Lamar Owen lowen at pari.edu
Sat May 14 14:50:41 UTC 2016


On 05/13/2016 03:39 PM, Eric S. Raymond wrote:
> Traditionally dedicated time-source hardware like rubidium-oscillator 
> GPSDOs is sold on accuracy, but for WAN time service their real draw 
> is long holdover time with lower frequency drift that you get from the 
> cheap, non-temperature-compensated quartz crystals in your PC. There 
> is room for debate about how much holdover you should pay for, but 
> you'll at least be thinking more clearly about the problem if you 
> recognize that you *should not* buy expensive hardware for accuracy. 
> For WAN time service, in that price range, you're wither buying 
> holdover and knowing you're doing so or wasting your money. 

Eric,

Thanks for the pointers; nice information.

A cheap way to get a WAN frequency standard is to use a WAN that is 
delivered over something derived from the telco's synchronous network; a 
POS on an OC3 with the clock set to network has an exceptionally stable 
frequency standard available.  Less expensive, get a voice T1 trunk 
delivered (robbed-bit signaled will typically be less expensive than 
PRI) and grab clock from that; tarriffs for RBS T1/fractional T1 around 
here at least are less than an analog POTS line).  Very stable.  The 
plesiochronous digital hierarchy on copper or synchronous digital 
hierarchy/SONET on fiber have cesium clocks behind them, and you can get 
that stability by doing clock recovery on those WAN circuits.  Back when 
this was the most common WAN technology frequency standards were there 
for the taking; Ethernet, on the other hand, not so much.

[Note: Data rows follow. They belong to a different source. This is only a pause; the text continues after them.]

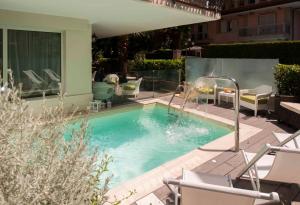 una pequeña piscina con sillas y avisor en Atlas Hotel, en Riccione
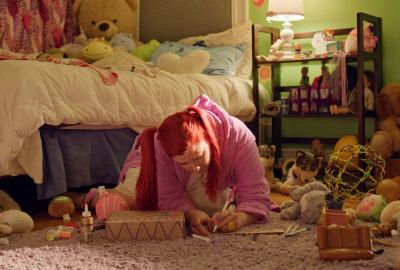 A young woman writes on paper in her bedroom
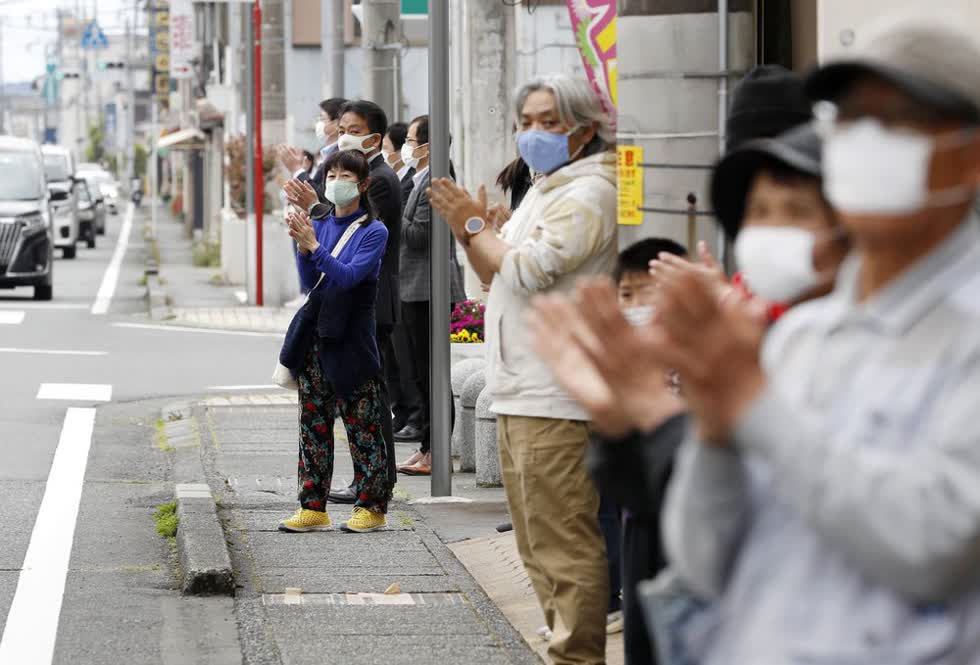 Một nhóm người ở tỉnh Shizuoka đứng trên vỉa hè để vỗ tay thể hiện sự ủng hộ với các nhân viên y tế - hành động rất phổ biến ở châu Âu trong thời kỳ đại dịch. Ảnh: AP.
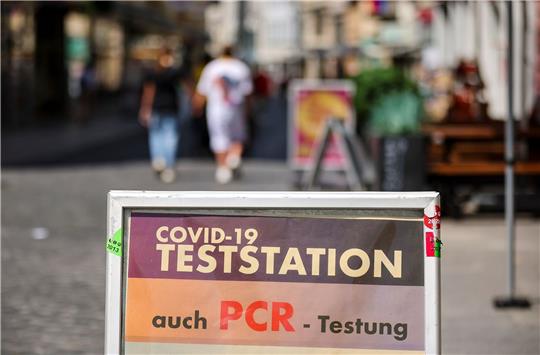 Ein Schild weist in Halle auf eine PCR-Teststation hin.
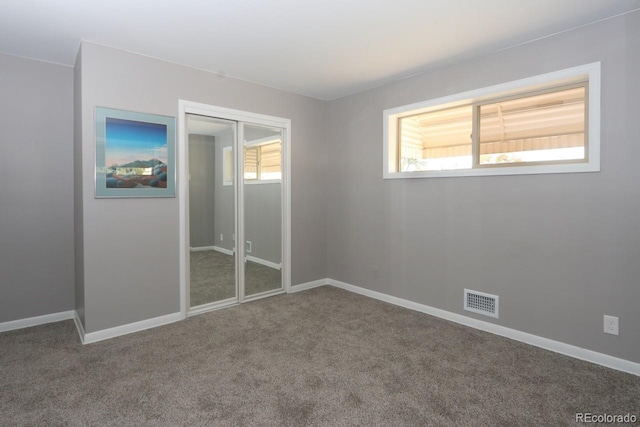 empty room with carpet and a healthy amount of sunlight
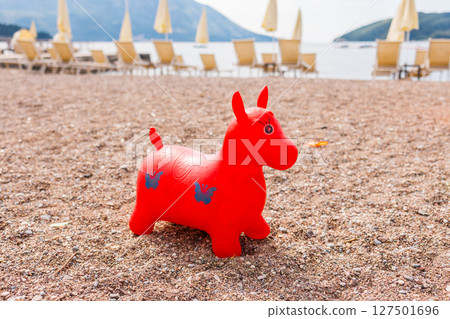 Red inflatable toy on a pebble beach with sun loungers and sea view. Childhood joy, summer vacation, and beachside relaxation. 127501696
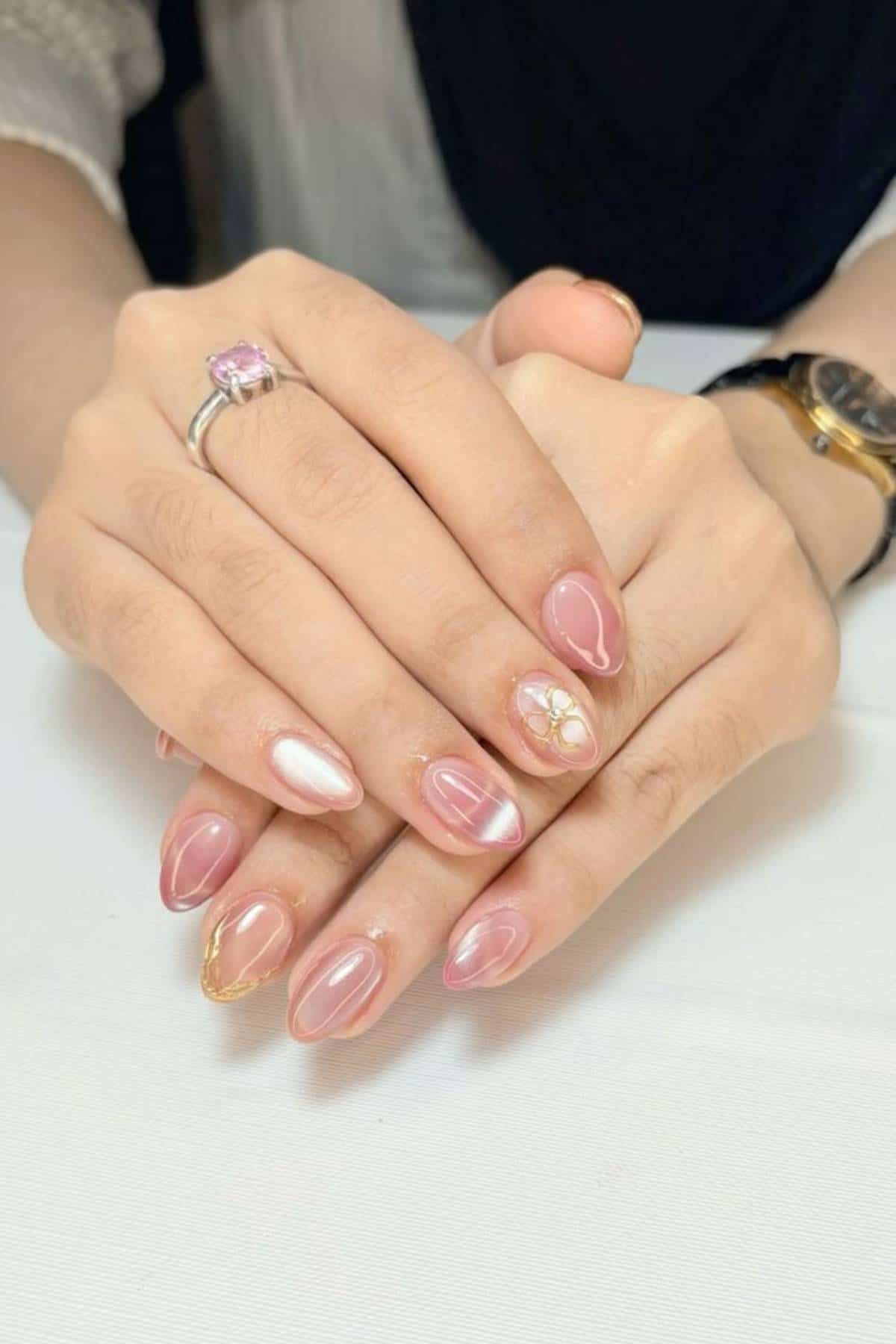 Hands with manicured nails featuring pink and white designs, gold accents, and floral patterns; a pink gemstone ring and a watch are visible.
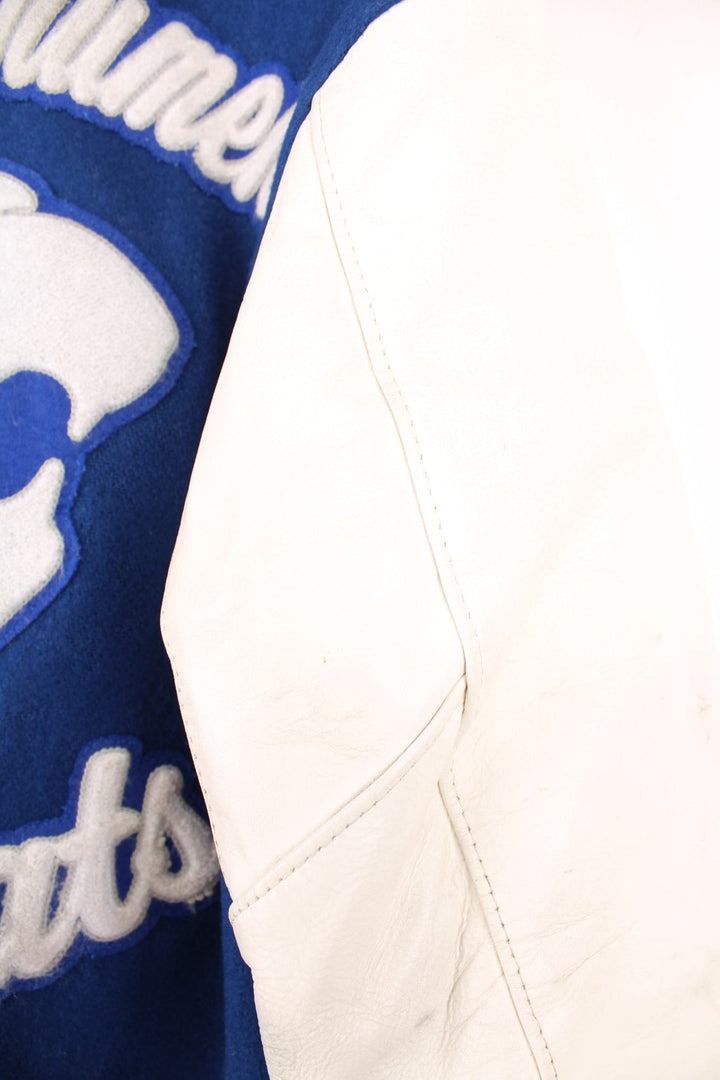 Vintage Delong, Fruita Monument Wildcats varsity jacket in blue with white leather sleeves. Features embroidered letterman patches and large spell out embroidery across the back.  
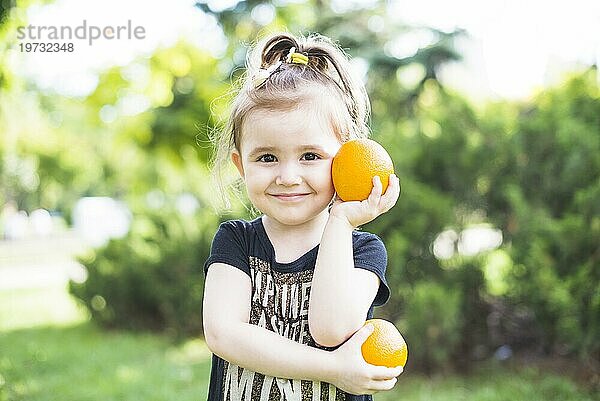 Lächelndes Mädchen hält zwei frische Orangen im Park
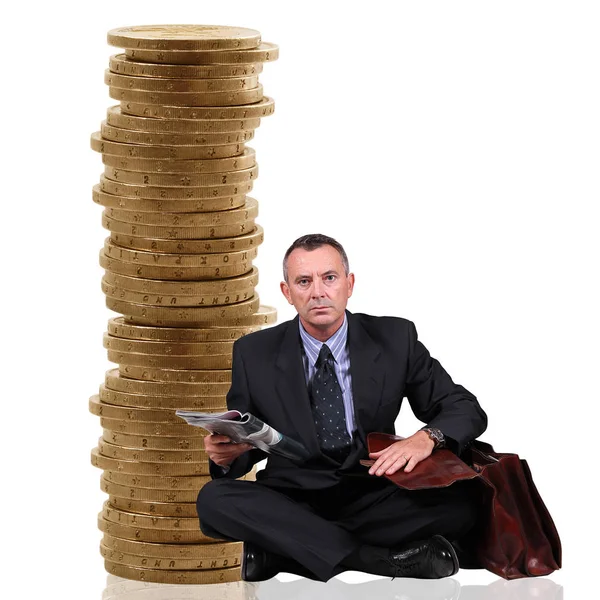 Человек, сидящий у стопки монет — стоковое фото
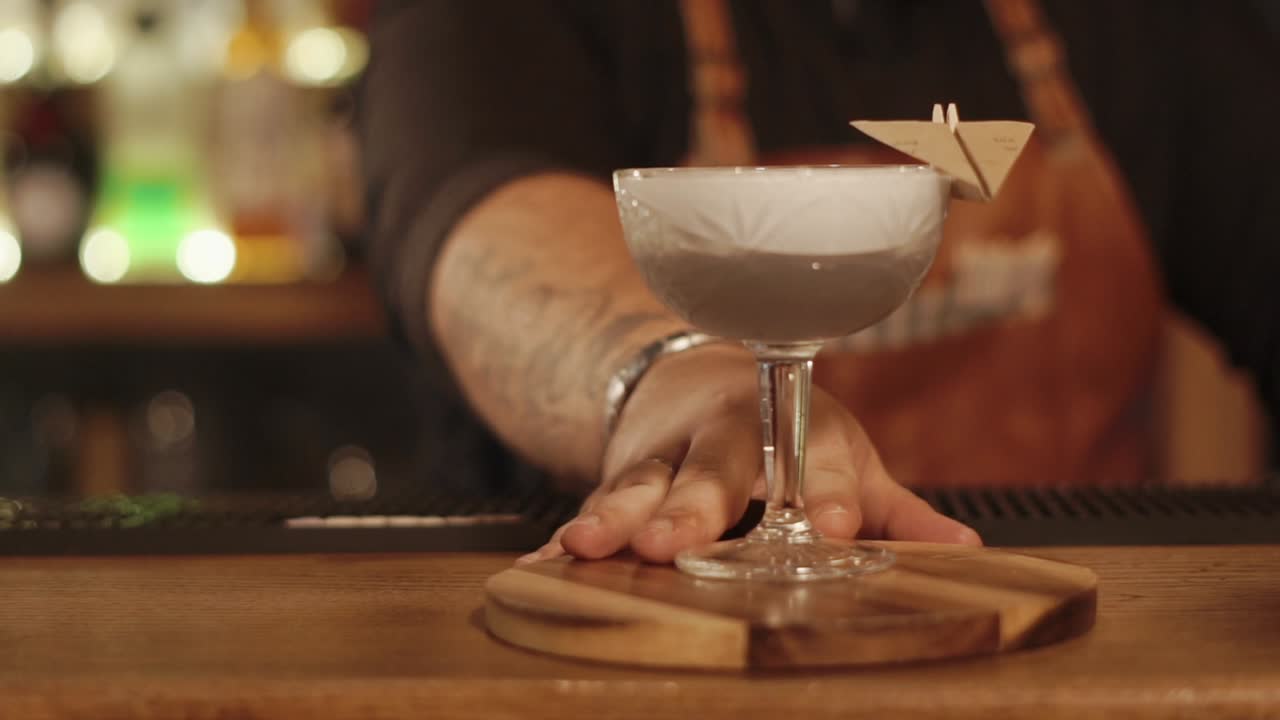 camarero sirviendo un cóctel en un bar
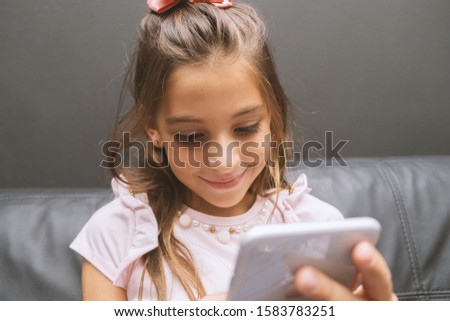 Beautiful little girl playing game or watching video on smartphone mobile. Girl watching cartoons or browsing internet, copy space. Portrait of little girl using smartphone while sitting.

But a nice catch on using the isochronous nature of USB.  Cheap webcams 
also take advantage of the isochronous transfer mode.  Do note that 
isochronous is often not supported in USB-passthrough for 
virtualization, though.  But you shouldn't use a VM to do timing, 
either. :-)

Now I'm looking for myself one of those Navisys devices you 
mentioned..... do any of them have external antenna inputs, say on an 
SMA connector (MCX is in my experience just too fragile) with a bias tee 
to drive phantom to an active antenna?  The quick search I did seemed to 
indicate that the three you mentioned are self-contained with their own 
smart antenna.  External antenna input would be required here, where we 
use timing-grade GPS antennas to feed our Z3816's.  But for straight 
1PPS and GPS timecode, dealing with the Z3816's complexity is overkill.

Thanks again for the info; looking forward to seeing how NTPsec develops.